See 'Some Women' with photographer Dona Ann McAdams

November 2009

“Opalka Gallery at Sage College of Albany is showing an important exhibit by celebrated photographer Dona Ann McAdams. Titled ‘Some Women,’ the exhibit consists of silver gelatin prints from various series shot throughout McAdams' career and functions as a retrospective (she calls it a ‘sampler’).

McAdams categorizes her work as social documentary and says it usually involves spending years on one subject. ‘I end up immersing myself into a community and become part of it,’ she says. ‘Basically I fall in love with a project. I don't go searching for subjects.’”

get visual

Dona Ann McAdams at Opalka Gallery

December 2009

“McAdams is a fun study, because her work crosses so many boundaries and mixes freely from contrasting sources. First, there is the nostalgia of her traditional, rigorous 35mm black-and-white technique, right down to the 12" x18" darkroom-made prints—in this digital world, we don't see much of that anymore, and it is still refreshingly direct and visually rich.”

artnet magazine

Street Shots

2009

“When Dona Ann returned to her hometown of New York at the end of the ‘70s and into the ‘80s, she shot the mean streets of Loisaida’s Alphabet City, patients in a mental ward, the Hasidim in Williamsburg, Barcelona before the Olympics and more. But especially she more or less became the top photographer of downtown performance art.
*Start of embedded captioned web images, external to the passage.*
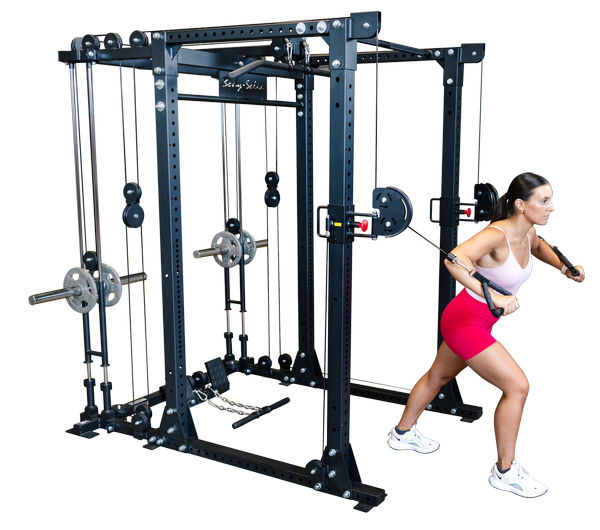 4 IN 1 COMBO POWER RACK -PLATE LOADED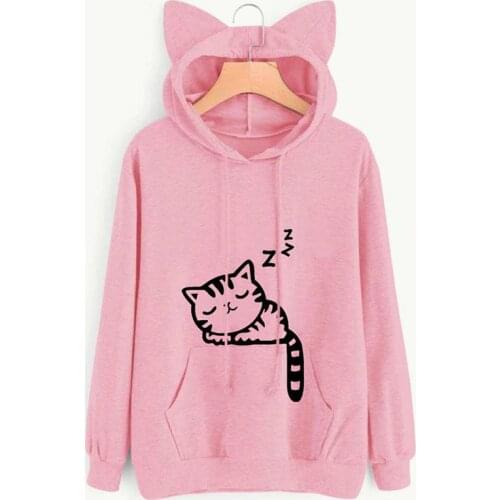 2020 Autumn Winter Hooded Hoodies Women Kawaii Cat Ear Loose Casual Streetwear Long Sleeve Warm Outerwear Pullover Sweatshirts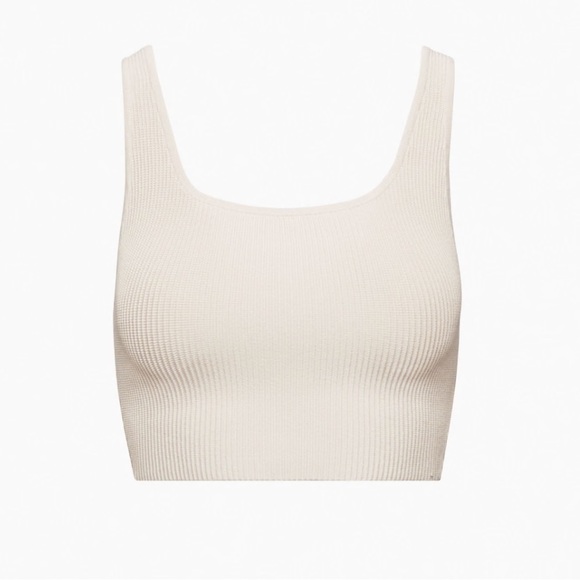 Aritzia | Babaton Sculpt Knit Squareneck Cropped Tank (XS, Matte Pearl) - Picture 6 of 7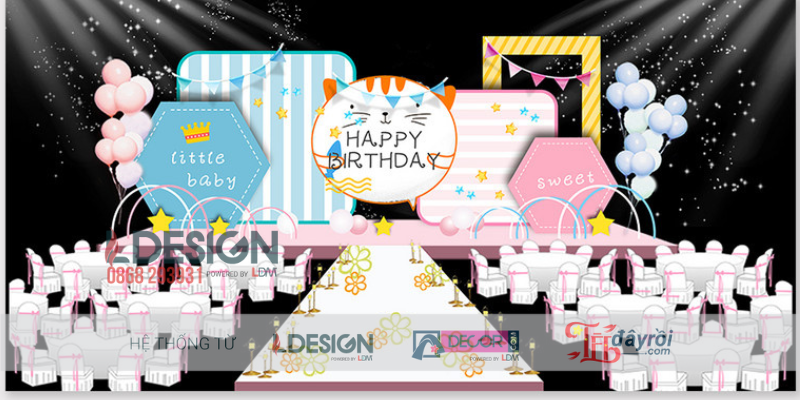 Trang Trí Sinh Nhật Chủ Đề Mèo Con Dễ Thương Cho Bé - Ảnh 2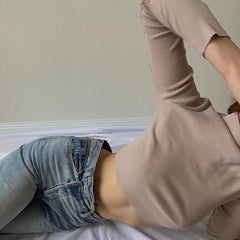 Casual Solid Nude Turtleneck Skinny Cropped T Shirt Mssza
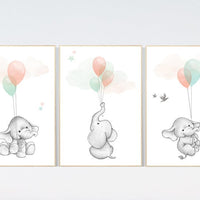 Mint and coral nursery, Nursery decor animals, neutral nursery, coral nursery, elephant nursery, mint nursery, gender neutral, mint coral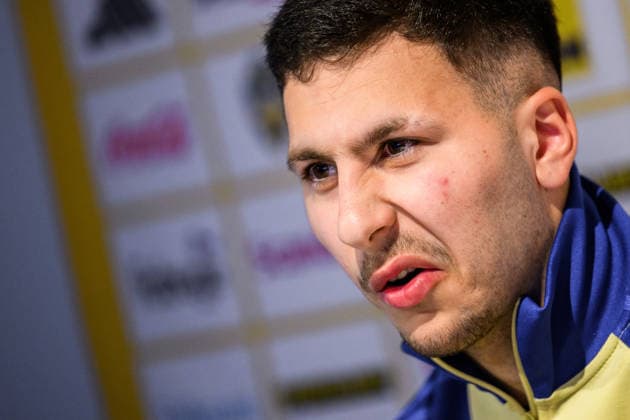 260323 Roony Bardghji of the Swedish national football team in the mixed zone after a training session on March 23, 2026 in Valencia. Photo: Joel Marklund BILDBYRAN kod JM JM0804 bbeng fotboll football soccer fotball vm-kval FIFA World Cup, WM, Weltmeisterschaft, Fussball qualifier qualifier träning practice training sverige sweden sverige a Copyright: JOELxMARKLUND BB260323JM118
Now when anyone needs pictures of the outrageous talents moshing the club scene and PS 122 in the East Village, Eric Bogosian, Holly Hughes, Ann Magnuson, Meredith Monk, Ethyl Eichelberger, David Wojnarowicz, etc., McAdams is the one they go to. That work became Caught in the Act, published by Aperture in 1996.”

metroland

To Know Someone

2007

“A photographer has only a few seconds to take a picture. How she prepares for that moment can run the gambit. Dona Ann McAdams spends years ‘learning the language’ of her subjects before she captures an image she’s satisfied with. ‘When I do anything, I need to immerse myself in it and be responsible, photographically and humanistically,’ she says. ‘I need to understand the language [of what I’m shooting].’

McAdams’ subjects range from performance artists in New York City’s East Village to thoroughbred horses at Saratoga Race Course; immersion has meant understanding, common language and friendship. ‘I don’t want to be dictated to by my lens,” she says. ‘I want that rapport.’ The result is portraits that are disquietingly intimate.”